Microsoft has put Windows 7 on an accelerated track (that usually means bad news for the performance of released product from this particular company) for potential deliveries in 2010. Perhaps, by then, they will have woken up to the original marketing model that they had conceived for the future of software…
In a planning meeting at CMP headquarters on Long Island some very long years ago I put forward the notion that the future of both OS and applications would be to get them out of the computer and into a central area of download, to be available when and as needed. It would have the advantages, I proposed, that users would only access an application when they really needed it, would always have the latest and greatest version available, and would reduce the memory requirements on their computer to the size needed for their data files only.
I was shot down by management and I made not a single further suggestion for the rest of the day.
Maybe Microsoft was a fly on the wall that day because XP was supposed to be the first OS that was to be made available by online subscription. But Microsoft was just unable to work out how to make it all work and the system ended up in their standard, market-assured Circuit City packaging. The confirmation on line sign-on for the OS was there, but the annual payment process never made it to the real world.
The real problem for Microsoft has always been software
bloat. It has been as if the various internal functionality of all their OSs have been written in total isolation from one another so that the final tying together has cost an enormous amount of code. It has been said that XP had about 35 million lines of code when it was released.
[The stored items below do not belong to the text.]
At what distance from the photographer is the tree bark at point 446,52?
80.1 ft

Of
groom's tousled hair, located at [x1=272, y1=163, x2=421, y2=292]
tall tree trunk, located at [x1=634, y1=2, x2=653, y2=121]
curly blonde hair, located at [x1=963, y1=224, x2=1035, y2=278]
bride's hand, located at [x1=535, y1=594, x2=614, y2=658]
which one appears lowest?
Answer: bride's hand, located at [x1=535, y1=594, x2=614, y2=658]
With revisions, security issues and the like that has now risen to a little under 40 million lines of code. The first release of Vista had over 54 million lines of code. How do you spell slow…
It is so massive, in fact, that portables, laptops, PCs for developing countries, will not have enough memory to process Vista. The choices? XP, Linux or, God forbid, a return to a Windows 95 – or even DOS? This is a market that is going to dramatically increase and Microsoft seem poised on the cliff of losing it unless they re-embrace XP (named for Experience) and run with it. Vista has been the disaster that Apple made happen.
The city of
Vista in San Diego County, California is only forty-five years old, seven miles from the Pacific, a new “shining city upon a hill.” (If Ronald Reagan had actually written that final
speech to the nation I would be in awe of his memory.) But maybe the city should accept that rebooting with a new name is in order: Winthrop XP.